--- START ---

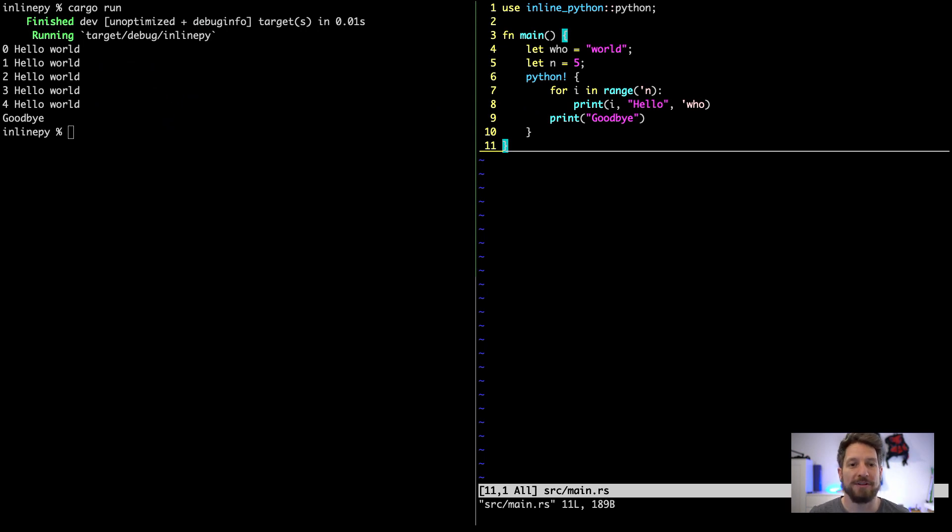With this you get to write your Python code inside your Rust code. I hope the short introduction into this topic was helpful. Thanks for watching. Coming up next in the Python to Rust series will be regular expressions.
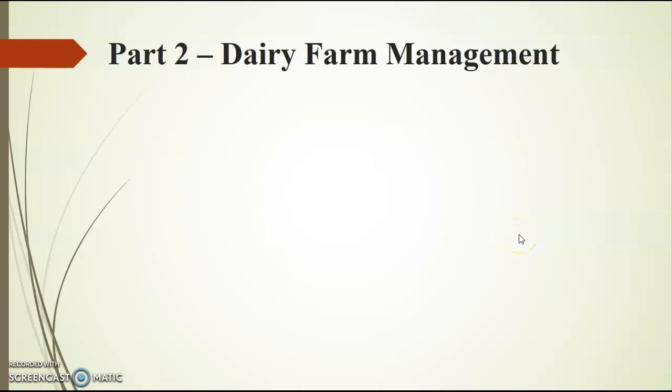Hi Year 11, in this video I'm going to be taking you through Part 2 of your term 3 milestone task, which is the dairy farm management part of your task.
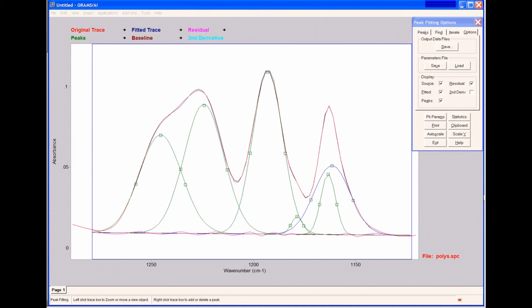If I decide I would like to use this peak fitting statistics again, perhaps I have many different samples to analyze in the same region and I want to find those peaks in all of my samples. I can save the parameters file.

--- END ---

What you will do | From the line holding "Hi Year 11, in" to the last line of the listing, please output each line exactly as it stands. Pictures stay out of the copy.

Output below |
Hi Year 11, in this video I'm going to be taking you through Part 2 of your term 3 milestone task, which is the dairy farm management part of your task.
If I decide I would like to use this peak fitting statistics again, perhaps I have many different samples to analyze in the same region and I want to find those peaks in all of my samples. I can save the parameters file.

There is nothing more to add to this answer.